Of particular interest is the sand pine scrub, a globally-imperiled plant community covering the eastern boundary of the park. It is dominated by sand pines and is home to the Florida scrub-jay and gopher tortoise. Rare plant species, like the prickly apple cactus, Lakela's mint, and four-petal paw paw dot the landscape.
The basin marsh covers nearly 1,000 acres. The landscape changes dramatically with the rainfall, as does the wildlife that lives here. The deeper marsh lakes provide habitat for large-mouth bass, alligators, waterfowl, and bald eagles. Archaeological evidence suggests native occupation of the area approximately 7,000 years ago. These native peoples, known as the Ais, inhabited the Atlantic Ridge, relying on the rich fauna and flora of the nearby Indian River Lagoon.

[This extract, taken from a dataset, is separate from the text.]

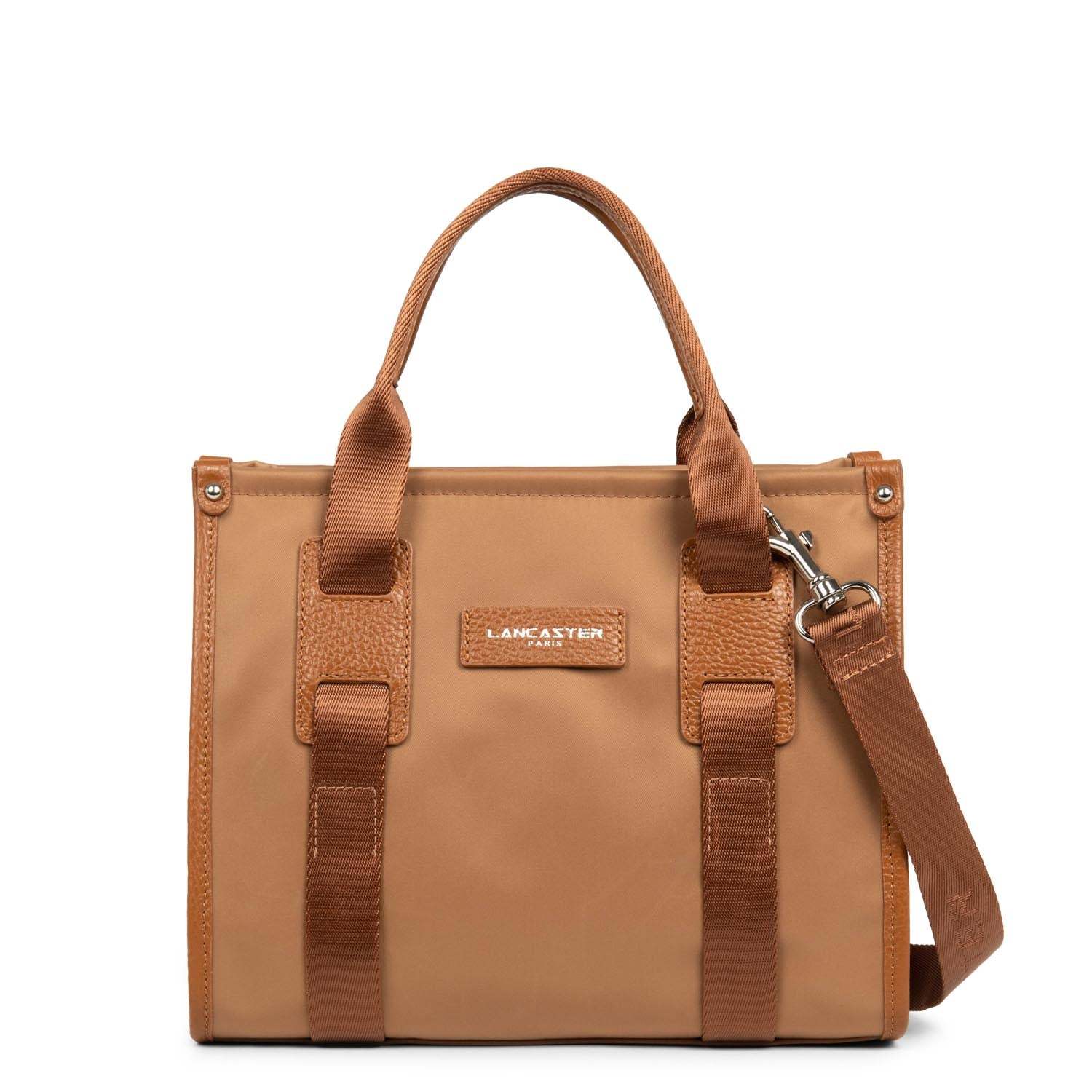 Basic Faculty-Petit sac à main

During the Second Seminole War (1834-1842), Lt. Colonel Benjamin Pierce first used the term "savannah" to describe a series of ponds and marshes found here. In 1879, Captain Thomas Richards planted the first pineapples, grown from cuttings he transported from Key West. The plants thrived in the sandy, well-drained soils and dozens of plantations appeared along the Atlantic Ridge. African Americans and Bahamians provided plantation labor, working the fields in extremely uncomfortable conditions. From 1895 to 1920, Jensen Beach was known as the "Pineapple Capital of the World."